Le Sénat s'était exprimé très fortement, en 2009, lorsque le processus des enveloppes triennales avait succédé au conventionnement, pour que le Parlement soit tenu informé, préalablement à la décision, sur les « ponctions » effectuées sur le 1 %. Il avait alors obtenu deux avancées qui figurent à l'article L. 313-3 du code de la construction et de l'habitation :

« Ce document de programmation (qui fixe les enveloppes pour 3 ans) ainsi que les prévisions de crédits correspondantes sont transmis au Parlement lors du dépôt des projets de loi de programmation pluriannuelle des finances publiques . Les enveloppes minimales et maximales consacrées annuellement à chaque emploi ou catégorie d'emplois sont fixées pour une durée de trois ans par décret pris après concertation avec les représentants des organisations syndicales et patronales membres de l'Union d'économie sociale du logement. Le Parlement est saisi des répartitions annuelles lors du dépôt des projets de loi de finances . »
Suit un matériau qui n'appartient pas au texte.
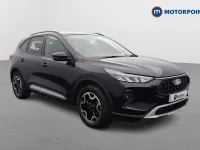 Usado Ford Kuga Active 2024 Negro SUV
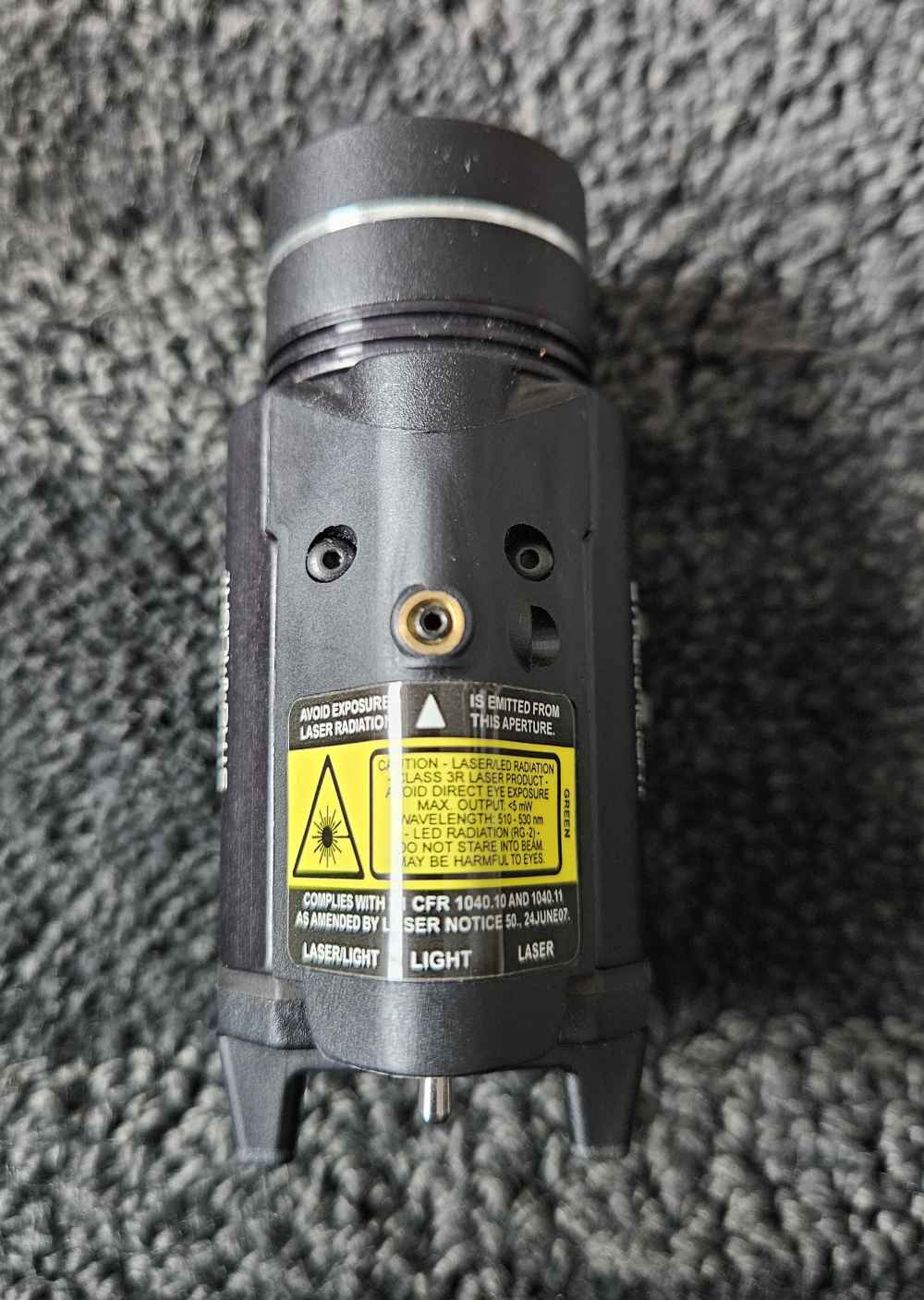 STREAMLIGHT TLR-2 HL G 800 Lumens Green tlr2 69265 AIMS-img-11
Il serait dès lors, normal de prévoir une information du Parlement par la voie de la communication du plan financier pluriannuel que doit présenter tous les ans l'UESL. C'est l'objet de l' amendement que vous présente votre commission.
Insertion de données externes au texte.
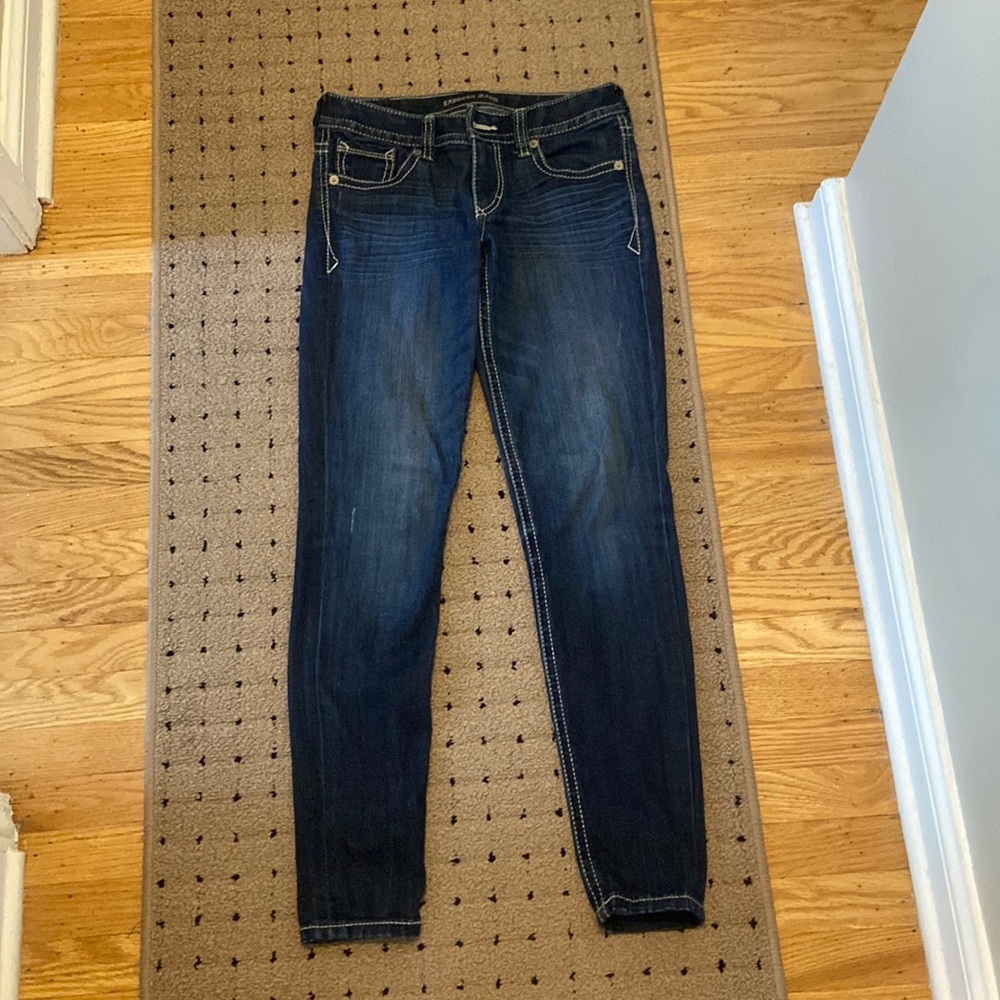 Express jeans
Décision de la commission : votre commission vous propose d'adopter cet article ainsi modifié.


* 394 Restent donc en vigueur à ce jour, le décret n° 2012-352 du 12 mars 2012 relatif aux emplois de la participation des employeurs à l'effort de construction pris pour l'application de l'article L. 313-3 du code de la construction et de l'habitation et le décret n° 2012-353 du 12 mars 2012 relatif aux enveloppes minimales et maximales des emplois de la participation des employeurs à l'effort de construction pour les années 2012 à 2014.
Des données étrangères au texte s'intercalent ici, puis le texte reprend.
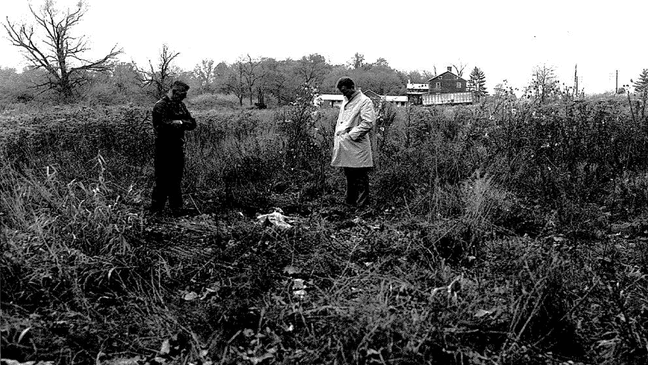 State police exhume remains in 1969 Northumberland County homicide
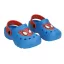 Pókember Eyes Blue gyerek papucs, clog 28/29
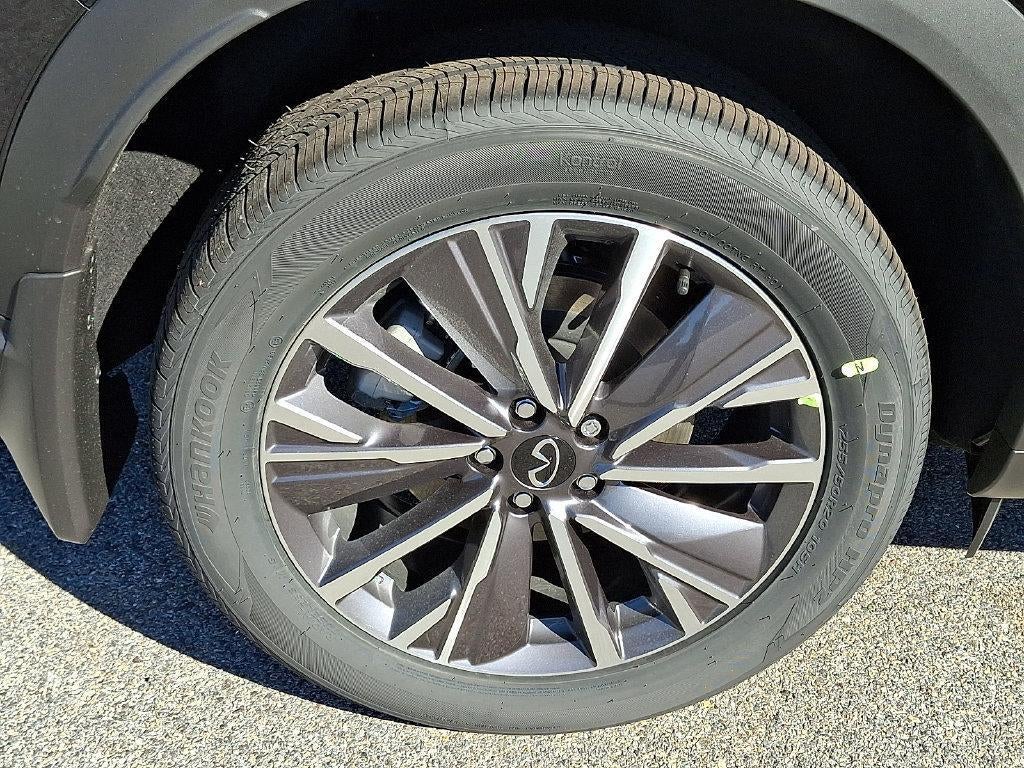 2027 INFINITI QX60 LUXE AWD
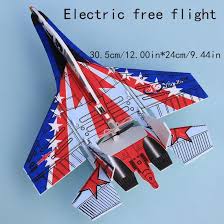 Aero Glider™ — Motorized Flying Plane | Builds Coordination & Outdoor Exploration Skills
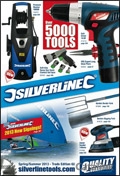 Silverline Tools Newsletter cover from 18 June, 2013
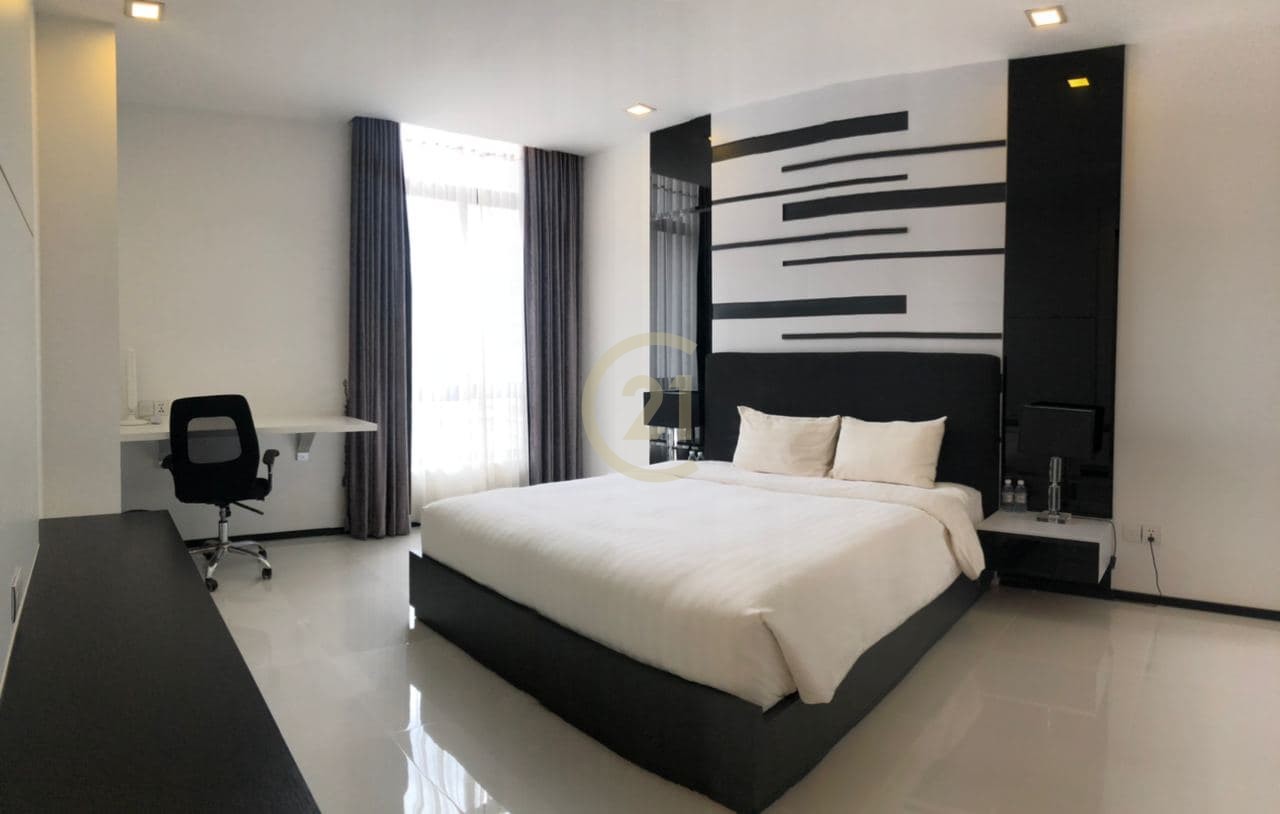 PREMIUM THREE BEDROOM FOR RENT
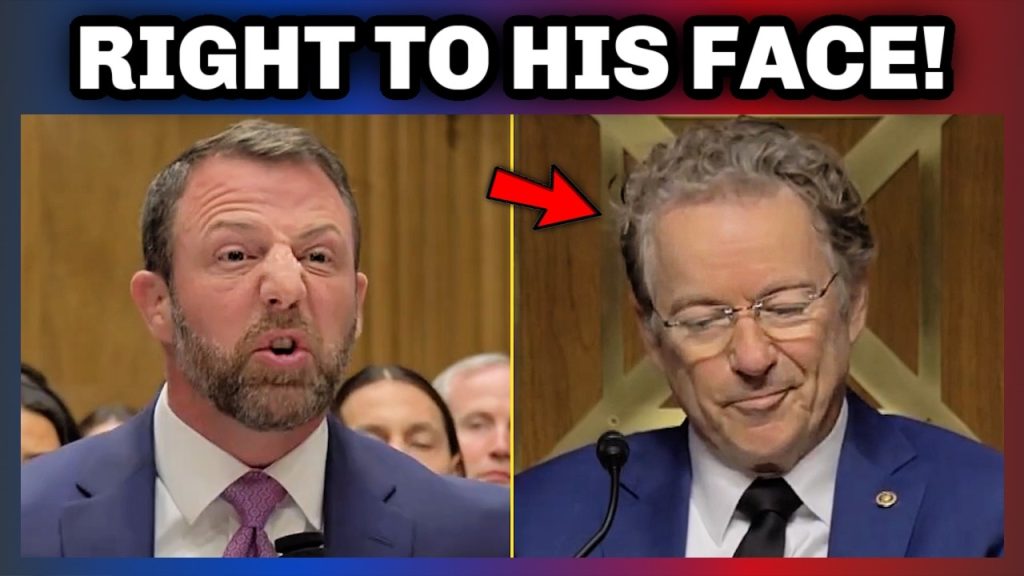 WAIT FOR IT… Rand Paul Gets EMBARRASSED by Mullin And THIS Happened!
* 395 Le Conseil constitutionnel a censuré une disposition de la loi de finances rectificative pour 2008 au motif qu'en renvoyant la fixation du plafond d'une garantie de l'Etat à un acte administratif « sans évaluer cette charge ou en limiter le montant » l'autorisation donnée au ministre de l'économie méconnaissait le 5° du II de l'article 34 de la LOLF (DC, n° 2008-574 du 29 décembre 2008).

* 396 Réponse publiée au JO le 08/02/2011 page 1266.